Could you write out every entry exactly as it stands?

#### DATA PROVIDED ####

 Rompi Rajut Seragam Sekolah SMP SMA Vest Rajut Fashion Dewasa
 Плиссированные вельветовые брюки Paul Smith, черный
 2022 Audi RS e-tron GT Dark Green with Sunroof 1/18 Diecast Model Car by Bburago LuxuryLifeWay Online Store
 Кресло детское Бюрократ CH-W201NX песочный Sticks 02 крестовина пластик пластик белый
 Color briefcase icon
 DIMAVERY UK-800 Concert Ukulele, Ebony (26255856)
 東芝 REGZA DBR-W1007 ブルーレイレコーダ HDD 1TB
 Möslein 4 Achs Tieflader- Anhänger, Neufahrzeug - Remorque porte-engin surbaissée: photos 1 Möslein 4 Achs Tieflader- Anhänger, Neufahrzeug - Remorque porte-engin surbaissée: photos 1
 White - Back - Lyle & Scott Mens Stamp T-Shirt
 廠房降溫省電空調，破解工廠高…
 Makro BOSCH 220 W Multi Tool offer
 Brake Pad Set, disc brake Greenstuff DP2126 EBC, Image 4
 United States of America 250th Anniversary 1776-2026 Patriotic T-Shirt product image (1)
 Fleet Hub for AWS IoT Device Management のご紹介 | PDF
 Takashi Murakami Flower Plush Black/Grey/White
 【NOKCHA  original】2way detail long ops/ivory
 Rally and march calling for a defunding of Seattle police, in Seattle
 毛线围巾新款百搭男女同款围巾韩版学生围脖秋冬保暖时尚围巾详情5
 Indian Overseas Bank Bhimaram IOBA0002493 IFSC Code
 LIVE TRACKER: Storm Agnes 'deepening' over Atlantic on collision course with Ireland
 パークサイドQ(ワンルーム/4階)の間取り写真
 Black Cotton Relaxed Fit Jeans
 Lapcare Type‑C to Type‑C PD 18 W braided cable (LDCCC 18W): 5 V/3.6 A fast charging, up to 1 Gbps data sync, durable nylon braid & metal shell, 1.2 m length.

####

● **RESPONSE TO THE EXERCISE**
 Rompi Rajut Seragam Sekolah SMP SMA Vest Rajut Fashion Dewasa
 Плиссированные вельветовые брюки Paul Smith, черный
 2022 Audi RS e-tron GT Dark Green with Sunroof 1/18 Diecast Model Car by Bburago LuxuryLifeWay Online Store
 Кресло детское Бюрократ CH-W201NX песочный Sticks 02 крестовина пластик пластик белый
 Color briefcase icon
 DIMAVERY UK-800 Concert Ukulele, Ebony (26255856)
 東芝 REGZA DBR-W1007 ブルーレイレコーダ HDD 1TB
 Möslein 4 Achs Tieflader- Anhänger, Neufahrzeug - Remorque porte-engin surbaissée: photos 1 Möslein 4 Achs Tieflader- Anhänger, Neufahrzeug - Remorque porte-engin surbaissée: photos 1
 White - Back - Lyle & Scott Mens Stamp T-Shirt
 廠房降溫省電空調，破解工廠高…
 Makro BOSCH 220 W Multi Tool offer
 Brake Pad Set, disc brake Greenstuff DP2126 EBC, Image 4
 United States of America 250th Anniversary 1776-2026 Patriotic T-Shirt product image (1)
 Fleet Hub for AWS IoT Device Management のご紹介 | PDF
 Takashi Murakami Flower Plush Black/Grey/White
 【NOKCHA  original】2way detail long ops/ivory
 Rally and march calling for a defunding of Seattle police, in Seattle
 毛线围巾新款百搭男女同款围巾韩版学生围脖秋冬保暖时尚围巾详情5
 Indian Overseas Bank Bhimaram IOBA0002493 IFSC Code
 LIVE TRACKER: Storm Agnes 'deepening' over Atlantic on collision course with Ireland
 パークサイドQ(ワンルーム/4階)の間取り写真
 Black Cotton Relaxed Fit Jeans
 Lapcare Type‑C to Type‑C PD 18 W braided cable (LDCCC 18W): 5 V/3.6 A fast charging, up to 1 Gbps data sync, durable nylon braid & metal shell, 1.2 m length.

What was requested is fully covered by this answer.